__WHAT IS NEEDED__. When you reach the line containing "Le Mariage surprise" in the entries below, start writing out each line exactly, and stop after the line containing "Large studio with green screen and sets".

__DATA FOR THIS TASK__.
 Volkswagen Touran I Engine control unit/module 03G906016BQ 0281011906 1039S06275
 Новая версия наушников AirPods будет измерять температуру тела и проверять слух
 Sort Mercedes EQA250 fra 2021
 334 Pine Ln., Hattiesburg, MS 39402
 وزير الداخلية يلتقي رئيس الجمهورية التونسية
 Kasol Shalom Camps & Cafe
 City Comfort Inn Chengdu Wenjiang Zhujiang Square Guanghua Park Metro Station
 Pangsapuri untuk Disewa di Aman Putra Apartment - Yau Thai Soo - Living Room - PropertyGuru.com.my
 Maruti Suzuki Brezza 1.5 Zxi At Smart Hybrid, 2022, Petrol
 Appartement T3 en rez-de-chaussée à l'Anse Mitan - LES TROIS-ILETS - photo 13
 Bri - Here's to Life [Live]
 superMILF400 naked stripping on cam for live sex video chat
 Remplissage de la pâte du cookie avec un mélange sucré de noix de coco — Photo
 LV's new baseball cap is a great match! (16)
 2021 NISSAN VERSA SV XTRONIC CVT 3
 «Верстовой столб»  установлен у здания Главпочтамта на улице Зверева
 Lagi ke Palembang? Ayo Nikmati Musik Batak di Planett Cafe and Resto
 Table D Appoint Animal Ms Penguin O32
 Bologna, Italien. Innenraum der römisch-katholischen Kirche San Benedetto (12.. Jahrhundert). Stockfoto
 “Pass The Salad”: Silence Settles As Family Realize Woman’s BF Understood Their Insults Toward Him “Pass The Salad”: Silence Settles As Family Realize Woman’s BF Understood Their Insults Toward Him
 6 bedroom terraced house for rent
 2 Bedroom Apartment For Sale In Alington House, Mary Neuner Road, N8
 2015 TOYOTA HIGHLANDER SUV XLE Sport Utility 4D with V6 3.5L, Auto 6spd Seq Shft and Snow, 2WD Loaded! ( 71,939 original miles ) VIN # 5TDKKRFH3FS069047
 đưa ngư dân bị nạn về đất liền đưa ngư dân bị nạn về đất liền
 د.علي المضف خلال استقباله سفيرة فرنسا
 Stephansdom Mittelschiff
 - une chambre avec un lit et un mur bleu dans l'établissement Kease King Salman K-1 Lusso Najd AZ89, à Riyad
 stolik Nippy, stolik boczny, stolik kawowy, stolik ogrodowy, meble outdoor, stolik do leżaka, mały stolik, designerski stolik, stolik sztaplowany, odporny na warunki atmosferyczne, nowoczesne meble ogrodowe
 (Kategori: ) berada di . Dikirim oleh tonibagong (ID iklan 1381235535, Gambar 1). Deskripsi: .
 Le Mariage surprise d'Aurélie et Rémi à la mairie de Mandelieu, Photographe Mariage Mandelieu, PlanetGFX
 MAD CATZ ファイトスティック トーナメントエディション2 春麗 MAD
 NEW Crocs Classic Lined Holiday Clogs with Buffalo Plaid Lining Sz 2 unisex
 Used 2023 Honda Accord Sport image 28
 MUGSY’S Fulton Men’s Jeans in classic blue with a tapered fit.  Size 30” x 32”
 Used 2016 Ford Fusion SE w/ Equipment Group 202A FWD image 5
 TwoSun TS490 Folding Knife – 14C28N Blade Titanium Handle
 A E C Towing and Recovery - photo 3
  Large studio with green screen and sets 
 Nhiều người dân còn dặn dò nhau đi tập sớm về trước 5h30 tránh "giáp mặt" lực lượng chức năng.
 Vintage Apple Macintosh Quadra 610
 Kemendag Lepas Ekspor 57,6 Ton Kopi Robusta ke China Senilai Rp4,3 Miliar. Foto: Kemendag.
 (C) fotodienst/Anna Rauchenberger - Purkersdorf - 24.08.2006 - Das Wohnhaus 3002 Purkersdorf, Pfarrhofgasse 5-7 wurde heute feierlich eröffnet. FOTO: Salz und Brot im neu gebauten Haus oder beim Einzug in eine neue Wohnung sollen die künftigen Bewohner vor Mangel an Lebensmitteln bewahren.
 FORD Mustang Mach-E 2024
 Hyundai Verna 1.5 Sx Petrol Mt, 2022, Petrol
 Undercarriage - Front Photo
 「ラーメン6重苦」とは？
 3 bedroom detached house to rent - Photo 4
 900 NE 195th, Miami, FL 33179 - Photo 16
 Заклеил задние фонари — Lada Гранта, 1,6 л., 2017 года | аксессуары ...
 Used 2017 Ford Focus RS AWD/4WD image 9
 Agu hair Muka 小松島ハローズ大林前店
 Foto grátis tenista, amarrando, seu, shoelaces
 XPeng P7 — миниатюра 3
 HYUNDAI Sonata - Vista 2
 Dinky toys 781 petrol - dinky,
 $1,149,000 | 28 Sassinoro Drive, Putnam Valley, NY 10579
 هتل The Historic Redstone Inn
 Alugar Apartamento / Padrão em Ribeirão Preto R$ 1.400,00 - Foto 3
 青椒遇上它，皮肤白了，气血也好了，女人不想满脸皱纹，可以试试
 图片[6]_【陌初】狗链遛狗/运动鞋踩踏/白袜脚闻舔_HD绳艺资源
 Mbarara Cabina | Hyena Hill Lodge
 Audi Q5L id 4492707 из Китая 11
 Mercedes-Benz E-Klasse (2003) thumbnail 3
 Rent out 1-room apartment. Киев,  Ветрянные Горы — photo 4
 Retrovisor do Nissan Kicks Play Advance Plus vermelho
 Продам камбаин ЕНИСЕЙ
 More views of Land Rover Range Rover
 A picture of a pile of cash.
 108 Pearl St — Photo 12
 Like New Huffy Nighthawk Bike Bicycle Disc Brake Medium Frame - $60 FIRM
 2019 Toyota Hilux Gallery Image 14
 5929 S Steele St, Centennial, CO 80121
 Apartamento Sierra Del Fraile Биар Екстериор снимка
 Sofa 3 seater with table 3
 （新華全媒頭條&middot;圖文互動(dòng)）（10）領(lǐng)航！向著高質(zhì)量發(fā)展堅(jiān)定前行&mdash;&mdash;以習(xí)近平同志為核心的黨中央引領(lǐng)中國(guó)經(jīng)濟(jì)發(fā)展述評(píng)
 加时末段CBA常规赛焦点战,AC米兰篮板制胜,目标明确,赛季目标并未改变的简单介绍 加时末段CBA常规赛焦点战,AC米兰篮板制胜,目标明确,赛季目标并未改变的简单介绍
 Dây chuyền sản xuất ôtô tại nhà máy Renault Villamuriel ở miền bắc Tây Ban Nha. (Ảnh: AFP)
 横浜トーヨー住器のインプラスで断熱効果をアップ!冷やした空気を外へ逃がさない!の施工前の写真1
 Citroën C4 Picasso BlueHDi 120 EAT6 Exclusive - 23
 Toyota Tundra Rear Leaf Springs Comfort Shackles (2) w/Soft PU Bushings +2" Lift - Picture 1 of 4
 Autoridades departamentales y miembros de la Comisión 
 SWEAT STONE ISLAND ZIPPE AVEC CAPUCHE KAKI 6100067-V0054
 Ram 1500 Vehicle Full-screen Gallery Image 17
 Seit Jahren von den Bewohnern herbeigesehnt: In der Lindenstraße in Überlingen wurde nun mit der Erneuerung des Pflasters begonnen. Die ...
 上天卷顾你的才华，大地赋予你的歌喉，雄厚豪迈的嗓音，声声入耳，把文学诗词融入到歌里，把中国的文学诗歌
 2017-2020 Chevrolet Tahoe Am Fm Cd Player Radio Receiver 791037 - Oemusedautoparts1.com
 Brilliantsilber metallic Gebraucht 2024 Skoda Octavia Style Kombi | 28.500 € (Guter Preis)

__TASK SOLUTION__.
 Le Mariage surprise d'Aurélie et Rémi à la mairie de Mandelieu, Photographe Mariage Mandelieu, PlanetGFX
 MAD CATZ ファイトスティック トーナメントエディション2 春麗 MAD
 NEW Crocs Classic Lined Holiday Clogs with Buffalo Plaid Lining Sz 2 unisex
 Used 2023 Honda Accord Sport image 28
 MUGSY’S Fulton Men’s Jeans in classic blue with a tapered fit.  Size 30” x 32”
 Used 2016 Ford Fusion SE w/ Equipment Group 202A FWD image 5
 TwoSun TS490 Folding Knife – 14C28N Blade Titanium Handle
 A E C Towing and Recovery - photo 3
  Large studio with green screen and sets 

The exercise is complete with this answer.